Hay viajes luminosos y otros, oscuros. Desde estas páginas, varias veces nos hemos referido a momentos históricos tristes para Sudamérica, que han signado a toda una generación, que fue diezmada por las diferentes dictaduras que asolaron la región. Esos momentos tan tristes, siempre latentes en alguna propuesta política que pide el retorno de los militares al poder, sumieron a gran parte de la población en una diáspora por países que supieron albergarlos y protegerlos de la tortura, la muerte y la desaparición.
Argentina y Chile, dos naciones del Sur extremo de América, también sufrieron intensamente una política de exterminio como Uruguay, Brasil, Perú y otros que formaron el famoso Plan Cóndor, especie de “tierra liberada” para perseguir y matar o devolver a sus países a quienes se refugiaban en territorios vecinos. Muchos de los que huyeron más lejos alcanzaron (alcanzamos) a sobrevivir. El ostracismo y el exilio fueron monedas corrientes para toda esa generación que contó entre sus compañeros, amigos y familiares con algún “desaparecido”.
De los que se quedaron, muchos fueron diezmados. Los que se fueron, siguieron militando y muchos de ellos volvieron con motivo de lo que se conoce como “la contraofensiva”, creyendo que los militares estarían acabados y ellos podrían por fin liberar a una patria tantos años maltratada. Infancia clandestina (Benjamín Ávila, 2012) narra la historia de Juan, un niño de 12 años que entra al país clandestinamente para reunirse a su familia, que está preparando la acción armada en el contexto de la contraofensiva referida. Quizás el pasado de Juan podría ambientarse en los espacios de La guardería, el sensible documental de Virginia Croatto que reúne los testimonios de compañeros en la guardería de Cuba, donde quedaban en custodia los chicos de los combatientes que volvían a la Argentina para emprender la acción final contra la dictadura. Hoy sus relatos demuestran la otra cara de la infancia clandestina. Unos niños que se despedían de sus padres sabiendo que podrían no volver más. Los adultos que los cuidaban, también entrevistados, conmueven con su entereza para darle solidez a la custodia que les ofrecían a esos niños amparados por una ideología y soportados por la fuerza de la voluntad en la lucha por un país mejor donde volver. Porque aquí también se trata de volver… volver de un viaje obligado al hogar perdido. Los testimonios de aquellos chicos hoy adultos prefieren demorarse en el compañerismo que tenían en Cuba, mientras que algunos no se sintieron cómodos con la familia que los recibió. La brecha ideológica era brutal y, en general, se sintieron incomprendidos. Luego de ver este documental se abre una cantidad de interrogantes internos en el espectador. ¿Cómo esos padres podían dejar a sus hijos en otro país para irse a la Argentina a arriesgar la vida? ¿No pensaban en el desamparo de los niños? ¿Cómo los chicos pueden mostrarse felices si están obligados a permanecer lejos de sus padres en un país ajeno? Todas esas preguntas y otras que seguro surgirán tienen respuestas. Los protagonistas, ahora adultos, las brindan con cierto quiebre en su relato, la emoción los invade y no sabemos si hoy como padres se plantean esas dudas o, por el contrario, añoran aquellos años en que eran felices aún frente a un futuro tan amenazante. Gran relato de Croatto, que utiliza la medida justa para no caer en la emoción fácil y logra dar una respuesta válida a cada una de las dudas que va creando el mismo relato.
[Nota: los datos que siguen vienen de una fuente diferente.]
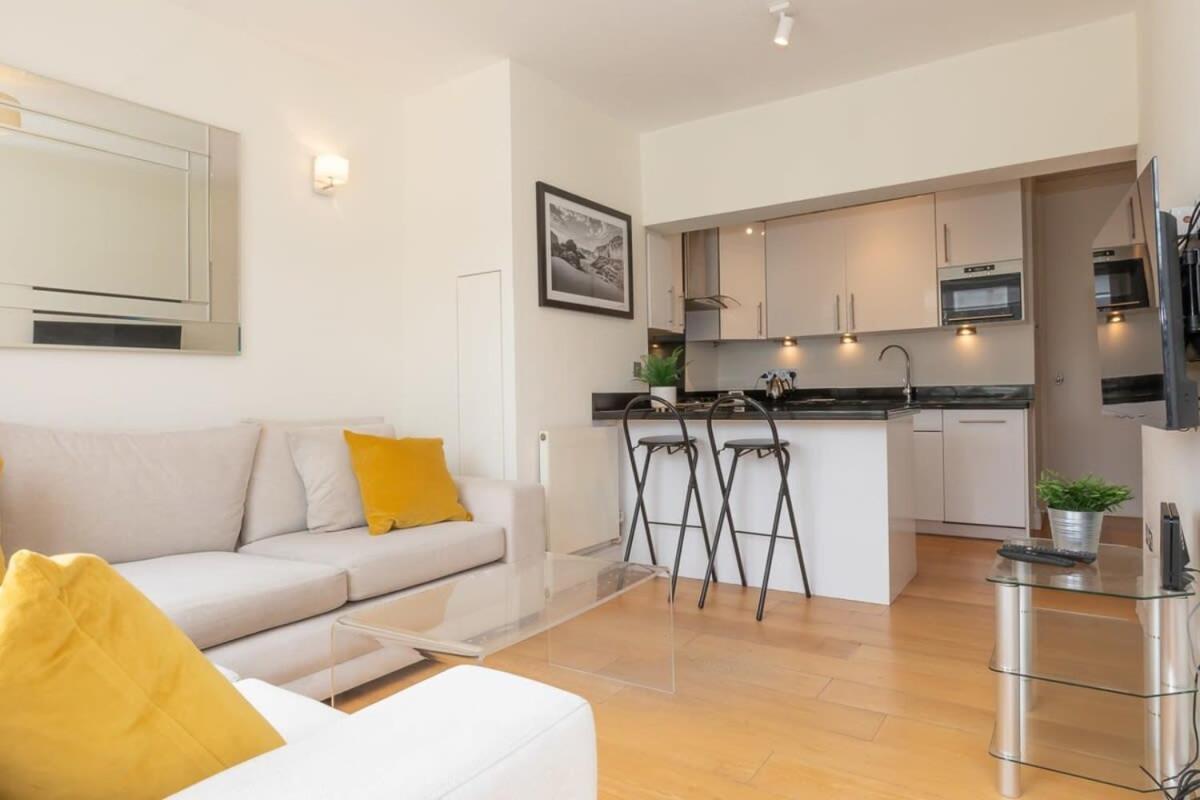 Bright & Spacious Floor In Chelsea * Londres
El final fue anunciado. Los combatientes de la contraofensiva fueron exterminados. Aún hay juicios sobre los desmanes de los dictadores sobre esa juventud que se desprendía de lo más valioso de sus vidas para luchar por un país que los viera crecer bajo los valores que defendían.
El exilio para muchos otros fue salvador, pero antes de notarlo, hubo que acostumbrarse a vivir en otra geografía, con costumbres y códigos diferentes, alejados de la tierra que añoraba Martín Fierro mientras convivía con los indígenas en un rincón lejano de su hogar. Sin embargo, esa expatriación fue una escuela para cada uno de los que la sufrimos. Una escuela enseña, forma, demuestra… Las naciones que nos cobijaron disfrutaban de la democracia tan añorada y ausente de nuestros países, por lo que sus pobladores no solo nos brindaron cobijo, sino también alegría, esperanza y algún atisbo de felicidad en la desgracia. Conocer esas realidades nos abrió un mundo de posibilidades: transitar libremente por el territorio, conocer otras costumbres y paisajes, entender otras historias y poder expresarnos libremente. Si estar lejos de casa era triste, todo lo que recibíamos nos colmaba de una felicidad que no conocíamos.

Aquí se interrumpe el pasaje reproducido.